- **WORK INSTRUCTIONS**
When you find the line with "Butyrat gummi +" among the records below, reproduce it and each line after it exactly, ending with the line with "Aerial moving forward".

- **ENTRIES SUPPLIED**
_ _ _ _

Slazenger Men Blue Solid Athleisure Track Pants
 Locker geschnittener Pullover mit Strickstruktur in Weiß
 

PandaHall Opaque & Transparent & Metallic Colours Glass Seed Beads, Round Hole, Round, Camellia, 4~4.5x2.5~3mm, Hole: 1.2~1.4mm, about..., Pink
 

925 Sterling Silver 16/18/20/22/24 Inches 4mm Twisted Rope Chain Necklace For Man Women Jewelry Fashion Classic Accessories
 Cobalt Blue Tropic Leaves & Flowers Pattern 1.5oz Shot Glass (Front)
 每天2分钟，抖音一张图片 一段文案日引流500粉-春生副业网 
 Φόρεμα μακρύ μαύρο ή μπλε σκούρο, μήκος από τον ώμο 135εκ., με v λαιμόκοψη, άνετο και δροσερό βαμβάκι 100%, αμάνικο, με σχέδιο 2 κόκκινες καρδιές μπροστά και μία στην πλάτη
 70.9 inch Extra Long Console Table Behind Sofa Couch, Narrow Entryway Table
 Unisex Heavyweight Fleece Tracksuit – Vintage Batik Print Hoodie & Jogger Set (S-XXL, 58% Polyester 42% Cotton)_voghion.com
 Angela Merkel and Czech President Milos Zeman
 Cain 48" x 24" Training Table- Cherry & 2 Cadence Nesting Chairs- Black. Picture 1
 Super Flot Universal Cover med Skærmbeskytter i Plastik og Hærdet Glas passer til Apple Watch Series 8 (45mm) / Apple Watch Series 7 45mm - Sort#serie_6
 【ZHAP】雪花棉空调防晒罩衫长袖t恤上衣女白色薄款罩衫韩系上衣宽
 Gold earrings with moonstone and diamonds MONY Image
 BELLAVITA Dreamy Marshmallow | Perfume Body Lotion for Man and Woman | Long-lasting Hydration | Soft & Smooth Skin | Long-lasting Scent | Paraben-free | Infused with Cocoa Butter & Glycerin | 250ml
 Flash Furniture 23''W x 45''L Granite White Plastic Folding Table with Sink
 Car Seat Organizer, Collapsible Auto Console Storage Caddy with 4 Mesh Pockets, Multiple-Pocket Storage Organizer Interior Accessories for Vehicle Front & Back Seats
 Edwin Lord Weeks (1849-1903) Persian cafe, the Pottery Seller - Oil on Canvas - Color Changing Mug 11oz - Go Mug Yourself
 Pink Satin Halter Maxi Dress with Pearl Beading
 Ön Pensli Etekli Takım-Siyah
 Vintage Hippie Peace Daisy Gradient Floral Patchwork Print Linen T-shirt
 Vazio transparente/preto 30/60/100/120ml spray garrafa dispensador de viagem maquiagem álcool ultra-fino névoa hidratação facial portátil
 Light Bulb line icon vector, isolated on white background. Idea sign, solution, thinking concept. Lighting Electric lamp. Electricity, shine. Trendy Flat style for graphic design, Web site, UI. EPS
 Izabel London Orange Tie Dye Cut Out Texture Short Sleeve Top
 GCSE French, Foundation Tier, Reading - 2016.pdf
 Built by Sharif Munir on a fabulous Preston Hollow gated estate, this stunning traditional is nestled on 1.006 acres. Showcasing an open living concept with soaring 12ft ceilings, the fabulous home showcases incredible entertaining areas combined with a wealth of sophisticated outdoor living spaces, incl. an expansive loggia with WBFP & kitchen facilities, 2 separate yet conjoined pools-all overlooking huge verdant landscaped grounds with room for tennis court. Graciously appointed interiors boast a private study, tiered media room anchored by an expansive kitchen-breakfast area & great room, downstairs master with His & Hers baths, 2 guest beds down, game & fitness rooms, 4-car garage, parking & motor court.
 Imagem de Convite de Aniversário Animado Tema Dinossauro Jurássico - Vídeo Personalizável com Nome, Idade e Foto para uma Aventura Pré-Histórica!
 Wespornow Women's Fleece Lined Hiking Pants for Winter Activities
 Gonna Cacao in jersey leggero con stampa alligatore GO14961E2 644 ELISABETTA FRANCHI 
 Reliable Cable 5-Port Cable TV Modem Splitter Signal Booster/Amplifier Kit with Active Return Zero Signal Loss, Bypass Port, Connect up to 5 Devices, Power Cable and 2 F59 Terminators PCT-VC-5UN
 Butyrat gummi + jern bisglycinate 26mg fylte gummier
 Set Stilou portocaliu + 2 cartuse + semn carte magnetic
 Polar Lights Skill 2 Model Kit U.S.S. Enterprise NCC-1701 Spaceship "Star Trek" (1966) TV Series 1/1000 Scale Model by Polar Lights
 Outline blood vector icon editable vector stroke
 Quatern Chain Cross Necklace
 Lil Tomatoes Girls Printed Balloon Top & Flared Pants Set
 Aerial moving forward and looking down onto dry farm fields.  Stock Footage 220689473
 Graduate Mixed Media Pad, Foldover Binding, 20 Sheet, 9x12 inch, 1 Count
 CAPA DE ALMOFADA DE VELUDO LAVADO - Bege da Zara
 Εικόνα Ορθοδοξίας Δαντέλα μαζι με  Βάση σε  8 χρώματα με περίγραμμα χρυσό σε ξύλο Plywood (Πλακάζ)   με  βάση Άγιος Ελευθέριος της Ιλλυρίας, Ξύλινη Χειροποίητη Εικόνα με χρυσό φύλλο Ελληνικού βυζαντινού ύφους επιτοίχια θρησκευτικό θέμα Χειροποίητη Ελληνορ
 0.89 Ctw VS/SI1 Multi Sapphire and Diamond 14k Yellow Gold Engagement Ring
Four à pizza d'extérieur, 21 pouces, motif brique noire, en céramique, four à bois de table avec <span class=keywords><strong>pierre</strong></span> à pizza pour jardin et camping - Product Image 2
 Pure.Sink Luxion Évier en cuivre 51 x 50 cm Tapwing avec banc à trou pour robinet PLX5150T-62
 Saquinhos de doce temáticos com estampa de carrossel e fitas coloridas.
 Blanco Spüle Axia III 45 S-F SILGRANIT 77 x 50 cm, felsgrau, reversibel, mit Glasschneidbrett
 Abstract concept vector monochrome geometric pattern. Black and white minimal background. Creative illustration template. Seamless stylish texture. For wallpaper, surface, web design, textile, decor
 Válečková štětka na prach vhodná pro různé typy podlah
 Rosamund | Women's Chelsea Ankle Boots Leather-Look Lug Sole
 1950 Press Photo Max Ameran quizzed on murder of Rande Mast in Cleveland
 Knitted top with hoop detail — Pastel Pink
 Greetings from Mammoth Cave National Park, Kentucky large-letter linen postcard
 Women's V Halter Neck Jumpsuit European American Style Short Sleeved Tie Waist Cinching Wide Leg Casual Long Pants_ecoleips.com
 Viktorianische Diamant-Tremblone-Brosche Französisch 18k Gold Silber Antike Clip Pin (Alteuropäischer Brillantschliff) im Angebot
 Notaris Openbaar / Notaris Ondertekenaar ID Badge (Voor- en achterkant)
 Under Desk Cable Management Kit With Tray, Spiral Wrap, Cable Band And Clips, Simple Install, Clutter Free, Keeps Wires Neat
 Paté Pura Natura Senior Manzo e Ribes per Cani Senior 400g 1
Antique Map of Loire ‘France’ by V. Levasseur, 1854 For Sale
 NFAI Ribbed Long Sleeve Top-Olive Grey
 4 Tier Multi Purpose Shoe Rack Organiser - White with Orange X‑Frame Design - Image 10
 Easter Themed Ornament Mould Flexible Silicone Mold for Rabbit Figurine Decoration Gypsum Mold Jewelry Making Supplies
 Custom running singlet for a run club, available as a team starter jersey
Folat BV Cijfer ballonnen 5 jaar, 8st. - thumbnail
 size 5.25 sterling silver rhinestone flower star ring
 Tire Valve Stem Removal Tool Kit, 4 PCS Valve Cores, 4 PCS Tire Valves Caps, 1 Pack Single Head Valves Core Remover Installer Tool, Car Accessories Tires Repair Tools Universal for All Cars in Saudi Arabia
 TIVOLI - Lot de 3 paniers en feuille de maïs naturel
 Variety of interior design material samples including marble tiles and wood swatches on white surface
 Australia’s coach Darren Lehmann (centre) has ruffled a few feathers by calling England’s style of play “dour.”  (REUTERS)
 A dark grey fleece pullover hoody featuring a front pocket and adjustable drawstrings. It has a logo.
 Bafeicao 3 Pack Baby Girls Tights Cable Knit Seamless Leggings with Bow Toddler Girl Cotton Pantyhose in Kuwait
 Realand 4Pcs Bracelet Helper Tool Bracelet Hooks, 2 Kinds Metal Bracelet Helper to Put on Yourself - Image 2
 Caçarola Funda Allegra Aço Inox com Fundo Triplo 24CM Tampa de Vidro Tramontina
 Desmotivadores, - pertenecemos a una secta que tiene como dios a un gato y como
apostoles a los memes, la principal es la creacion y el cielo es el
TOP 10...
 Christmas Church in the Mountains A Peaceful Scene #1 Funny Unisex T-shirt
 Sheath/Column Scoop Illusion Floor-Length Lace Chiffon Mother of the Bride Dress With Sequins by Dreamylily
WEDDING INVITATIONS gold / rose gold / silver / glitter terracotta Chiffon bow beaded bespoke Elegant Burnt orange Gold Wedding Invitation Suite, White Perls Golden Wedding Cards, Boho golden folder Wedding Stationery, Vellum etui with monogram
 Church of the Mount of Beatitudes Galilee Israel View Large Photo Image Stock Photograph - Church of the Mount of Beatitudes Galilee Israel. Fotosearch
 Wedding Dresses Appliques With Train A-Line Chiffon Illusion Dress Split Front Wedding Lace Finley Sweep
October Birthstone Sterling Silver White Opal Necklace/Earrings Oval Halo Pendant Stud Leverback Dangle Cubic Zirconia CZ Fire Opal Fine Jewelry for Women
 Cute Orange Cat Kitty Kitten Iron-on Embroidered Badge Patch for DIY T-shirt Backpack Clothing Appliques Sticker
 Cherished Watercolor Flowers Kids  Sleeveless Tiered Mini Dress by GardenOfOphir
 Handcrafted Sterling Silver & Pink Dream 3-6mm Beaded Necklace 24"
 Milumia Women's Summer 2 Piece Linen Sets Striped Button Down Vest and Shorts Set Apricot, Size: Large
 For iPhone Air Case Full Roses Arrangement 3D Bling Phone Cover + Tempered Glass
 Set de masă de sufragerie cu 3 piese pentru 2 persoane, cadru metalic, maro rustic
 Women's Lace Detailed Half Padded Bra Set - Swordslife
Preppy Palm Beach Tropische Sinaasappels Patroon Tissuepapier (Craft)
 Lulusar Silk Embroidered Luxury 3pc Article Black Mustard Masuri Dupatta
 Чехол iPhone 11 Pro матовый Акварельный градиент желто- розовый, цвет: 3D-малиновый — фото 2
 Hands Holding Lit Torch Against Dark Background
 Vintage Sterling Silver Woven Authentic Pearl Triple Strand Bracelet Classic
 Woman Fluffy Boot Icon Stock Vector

_ _ _ _

- **WORKED SOLUTION**
 Butyrat gummi + jern bisglycinate 26mg fylte gummier
 Set Stilou portocaliu + 2 cartuse + semn carte magnetic
 Polar Lights Skill 2 Model Kit U.S.S. Enterprise NCC-1701 Spaceship "Star Trek" (1966) TV Series 1/1000 Scale Model by Polar Lights
 Outline blood vector icon editable vector stroke
 Quatern Chain Cross Necklace
 Lil Tomatoes Girls Printed Balloon Top & Flared Pants Set
 Aerial moving forward and looking down onto dry farm fields.  Stock Footage 220689473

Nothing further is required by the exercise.